Listed entries
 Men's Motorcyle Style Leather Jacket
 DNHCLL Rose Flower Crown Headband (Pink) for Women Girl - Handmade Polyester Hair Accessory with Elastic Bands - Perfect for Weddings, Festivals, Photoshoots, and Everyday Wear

---

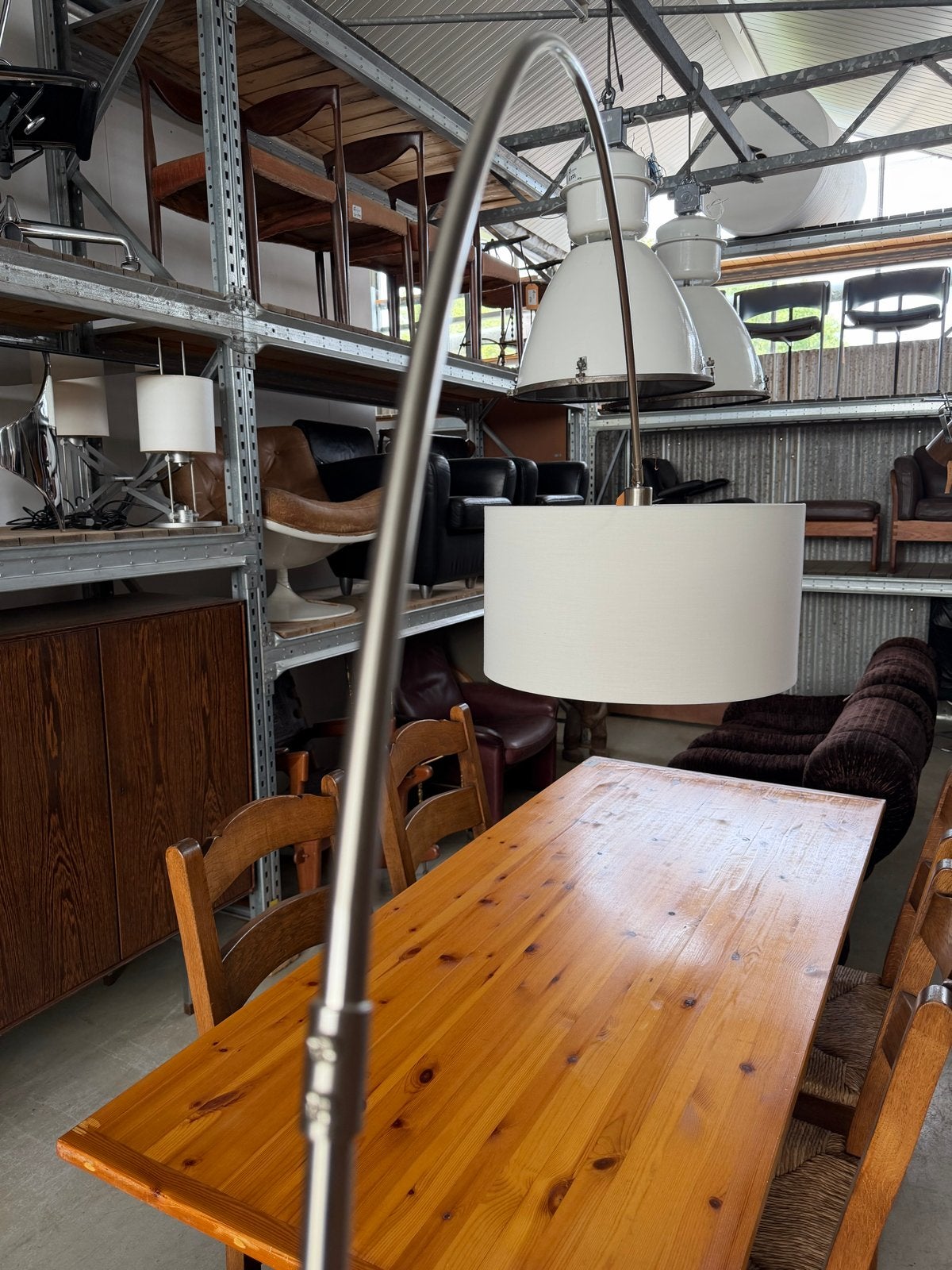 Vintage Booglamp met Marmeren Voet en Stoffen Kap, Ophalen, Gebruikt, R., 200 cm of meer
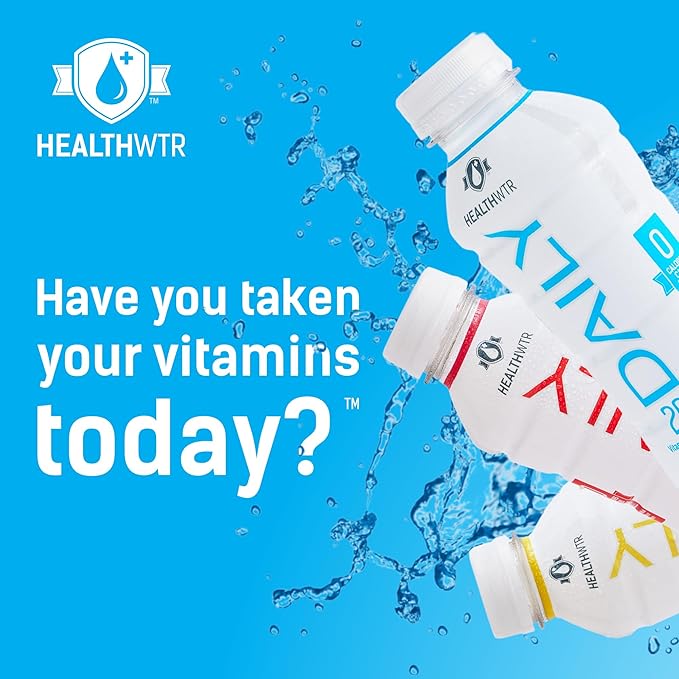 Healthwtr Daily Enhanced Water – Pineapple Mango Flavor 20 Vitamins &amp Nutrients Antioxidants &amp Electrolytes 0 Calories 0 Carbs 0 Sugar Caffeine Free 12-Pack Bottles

---

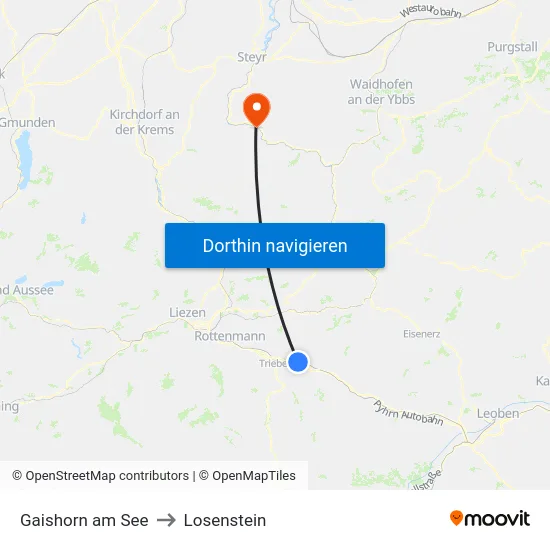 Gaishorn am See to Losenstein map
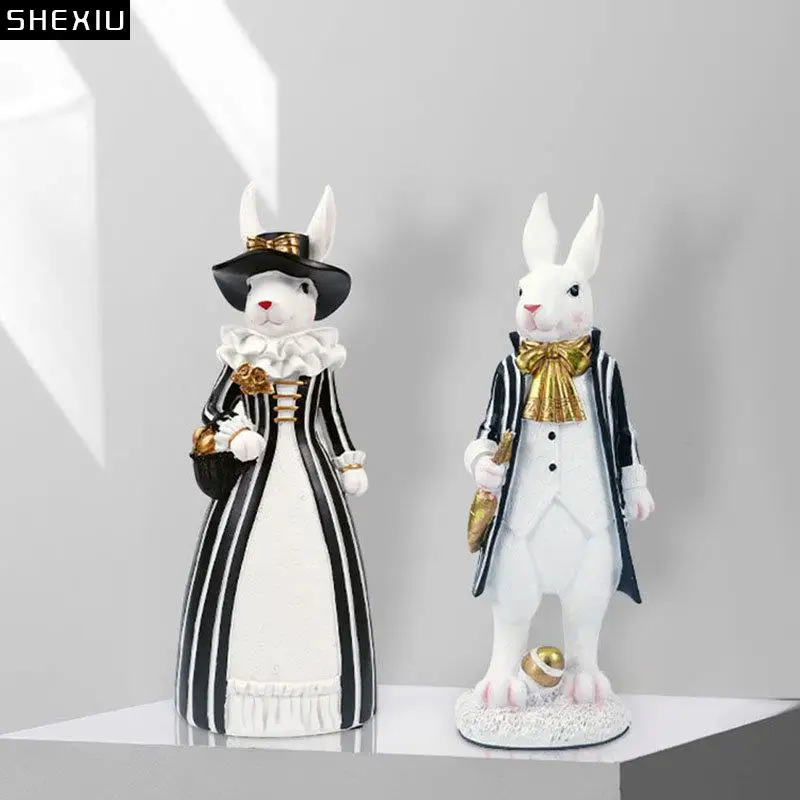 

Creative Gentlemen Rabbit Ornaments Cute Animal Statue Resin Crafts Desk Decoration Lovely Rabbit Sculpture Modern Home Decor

Your task
In the records above, find the line containing "Vintage Booglamp met" and the line containing "Healthwtr Daily Enhanced", then give both of them again word for word along with every line between. Omit any pictures.

Result for this task
 Vintage Booglamp met Marmeren Voet en Stoffen Kap, Ophalen, Gebruikt, R., 200 cm of meer
 Healthwtr Daily Enhanced Water – Pineapple Mango Flavor 20 Vitamins &amp Nutrients Antioxidants &amp Electrolytes 0 Calories 0 Carbs 0 Sugar Caffeine Free 12-Pack Bottles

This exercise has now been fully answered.